WHAT TO WORK ON.
What is needed is an exact transcription of every record, minus the pictures.

--------------------

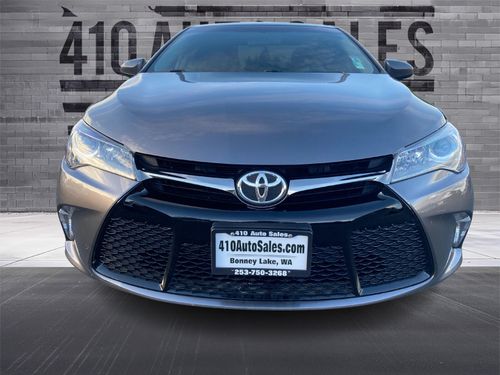 2017 TOYOTA CAMRY SE Lower Image 3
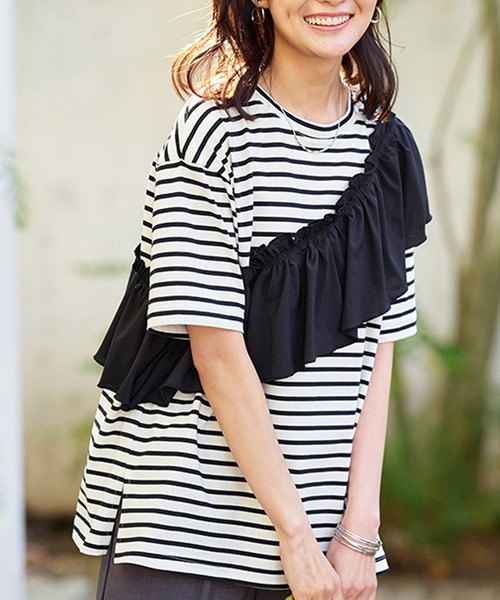 BELLUNA PLUS(ベルーナ)の「フリル異素材切替プルオーバー(Tシャツ/カットソー・レディース・ホワイト×ブラック/ワイン/ブラック/ダークブルー・MEDIUM/LARGE/X-LARGE)」の2枚目の写真
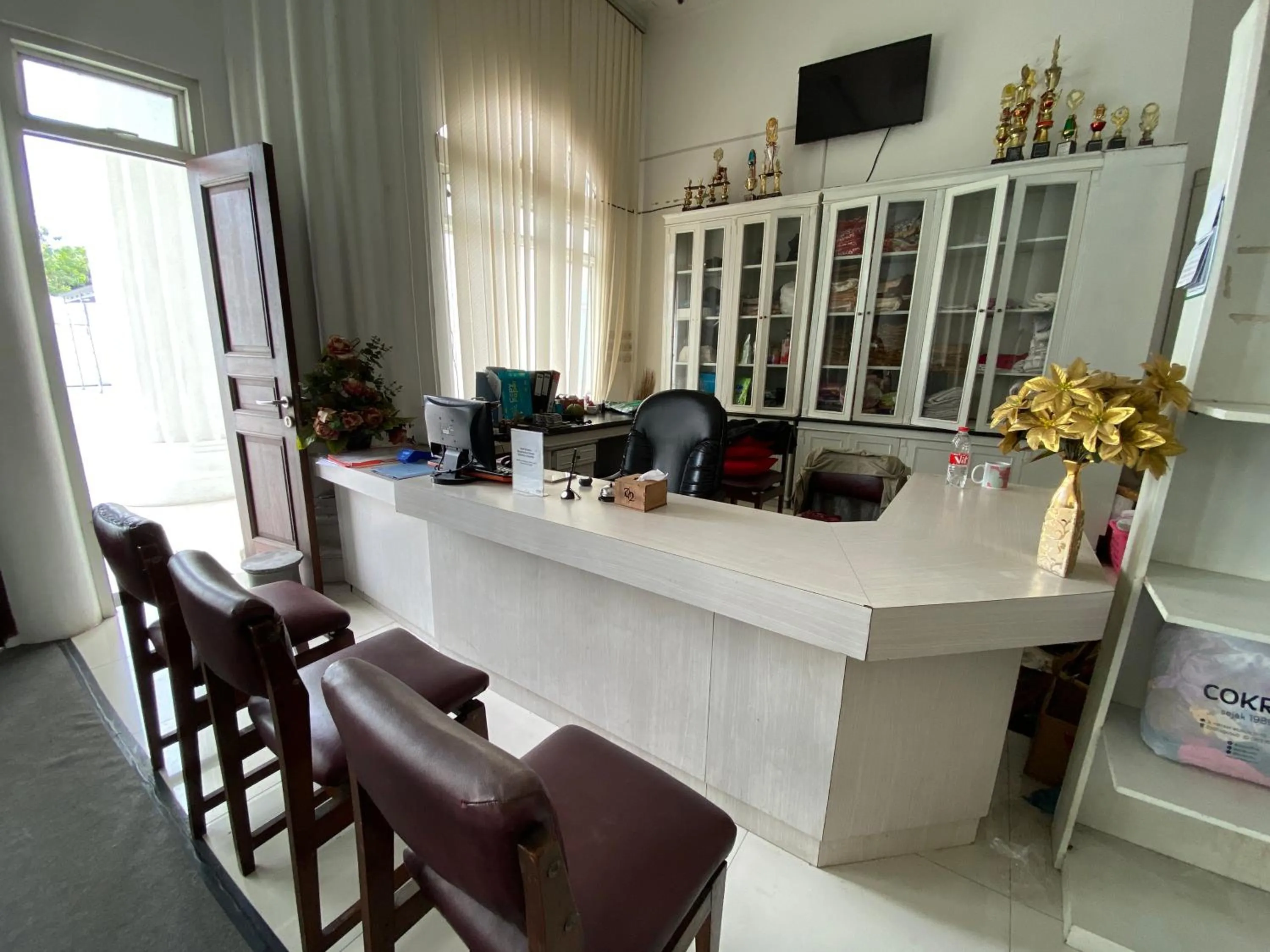 Lobby or reception in Griya RW Family Guest House Redpartner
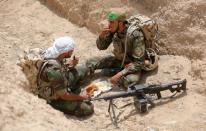 Iraq's Shi'ite paramilitaries eat in Nibai, in Anbar province May 26, 2015. REUTERS/Stringer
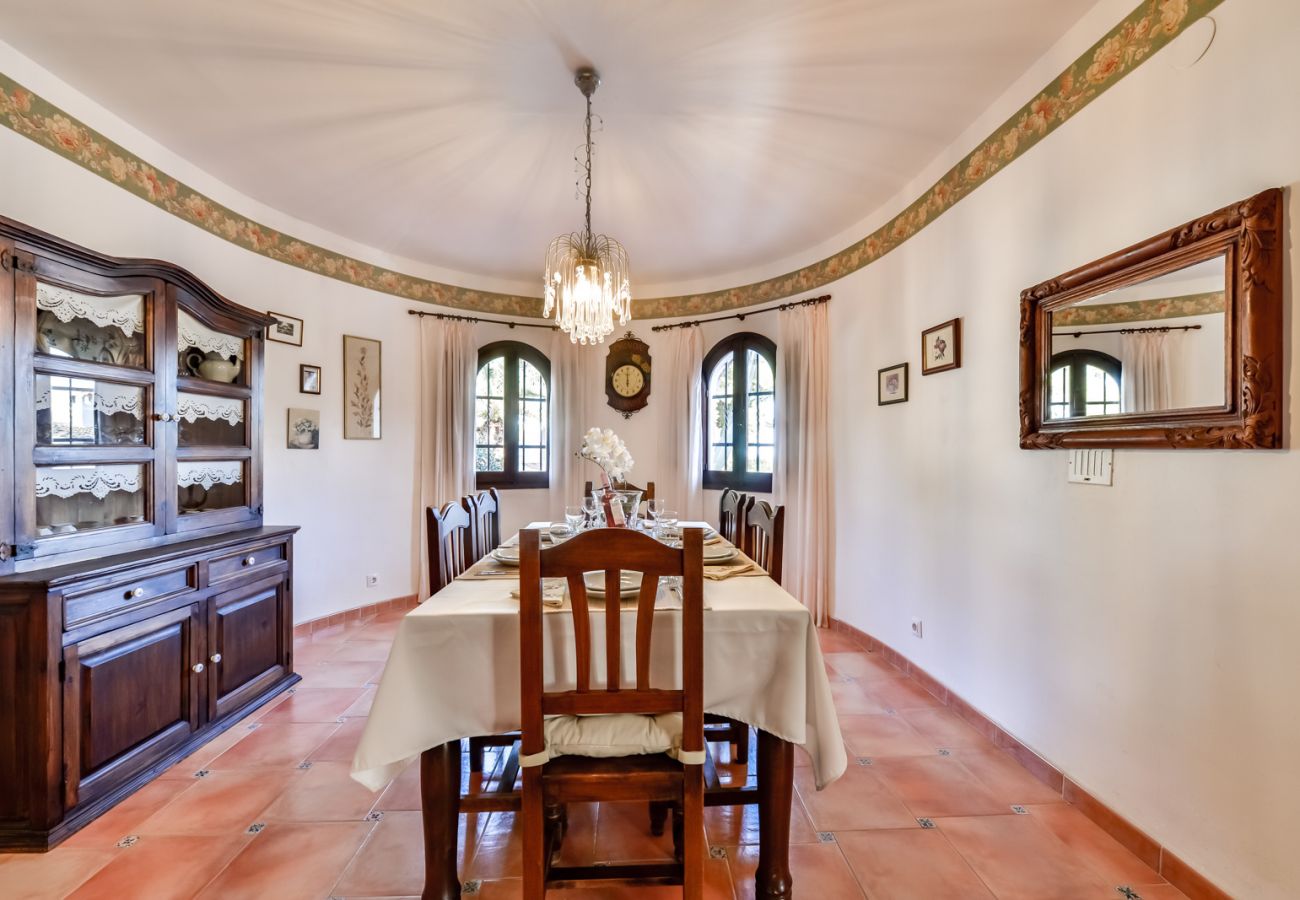 Villa in Benissa - Ferienvilla zu vermieten in Benissa, PETRA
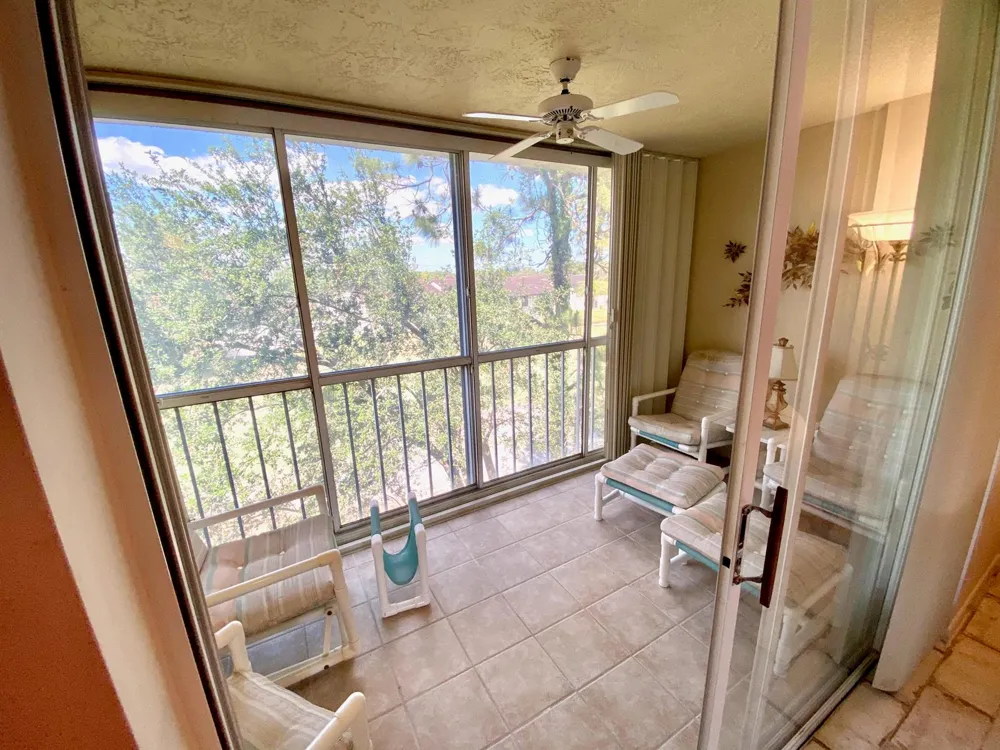 4735 Lucerne Lakes Boulevard E #410 Lake Worth, FL 33467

--------------------

RESPONSE BELOW.
 2017 TOYOTA CAMRY SE Lower Image 3
 BELLUNA PLUS(ベルーナ)の「フリル異素材切替プルオーバー(Tシャツ/カットソー・レディース・ホワイト×ブラック/ワイン/ブラック/ダークブルー・MEDIUM/LARGE/X-LARGE)」の2枚目の写真
 Lobby or reception in Griya RW Family Guest House Redpartner
 Iraq's Shi'ite paramilitaries eat in Nibai, in Anbar province May 26, 2015. REUTERS/Stringer
 Villa in Benissa - Ferienvilla zu vermieten in Benissa, PETRA
 4735 Lucerne Lakes Boulevard E #410 Lake Worth, FL 33467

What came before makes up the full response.